The meeting (or two):

  • If your team already has community agreements for your meeting, let your teammates know you’ll be building on these agreements to focus specifically on engaging in healthy conflict. If your team doesn’t have community agreements, it is worth creating space prior to this meeting to developing some. This sample agenda serves as a good template for planning an agreements conversation (and Chapter 5 of The Art of Coaching Teams is another good starting place).
  • Give teammates time to share their early experiences with conflict from the “Reflecting on Conflict” questions. Depending on the size of the group, you may want to have people share in partners. This activity will build trust and empathy; it may also raise issues of race, class, power, or other systemic forces at play, which is important to unearth. The more you can talk about the roles of difference and power early on, the better.
  • Using the question, “What does healthy conflict look and sound like to you?” ask teammates to share examples. Responses can then be shaped into conflict agreements. List these on a document that can be revised and shaped into a standing set of agreements.
  • Review Sentence Stems for Healthy Conflict and engage in role play. You may need a couple meetings for norming, sentence stems, and role play, and if that’s the case, it will be important to build in time for it. Role playing potential scenarios gives your team a safe and optimal space to test out the sentence stems and practice.
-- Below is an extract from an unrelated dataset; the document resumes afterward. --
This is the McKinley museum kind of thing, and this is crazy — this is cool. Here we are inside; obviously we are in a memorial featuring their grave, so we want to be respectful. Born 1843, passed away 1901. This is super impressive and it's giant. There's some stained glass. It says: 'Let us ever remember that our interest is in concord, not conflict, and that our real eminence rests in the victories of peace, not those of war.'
Reflect: As a team, it’s incredibly important to reflect on learning together: what felt natural, what felt challenging, what the team may need more time attending to. Reflection offers opportunities to deepen learning and new insights that can be addressed at future meetings.
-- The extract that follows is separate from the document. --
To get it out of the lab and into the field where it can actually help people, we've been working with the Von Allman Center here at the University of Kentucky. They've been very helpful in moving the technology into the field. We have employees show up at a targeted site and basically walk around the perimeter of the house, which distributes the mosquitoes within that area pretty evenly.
Tune-up Over Time: These types of meetings can often feel really good to teams, and they help people access some foundational tools in times of conflict. Every month or two, however, you may need some tune-up time to assess how you’re doing in relation to conflict. Tune-up can look like a 10-minute check-in at the beginning of the meeting, asking people to reflect on conflicts within or outside the team; or tune-ups can be reviewing and revising team norms after a conflict has happened. These types of maintenance moments go a long way in nurturing a team’s health and resilience.

Hopefully, by taking the time to plan for conflict, your team is better poised to contain the flames of challenging moments, and if anything, allow the team to grow together as a functioning unit—and ultimately, a model of resilience at your site. 


The views and opinions expressed in this article belong to the author and do not necessarily reflect the official opinion or position of Bright Morning.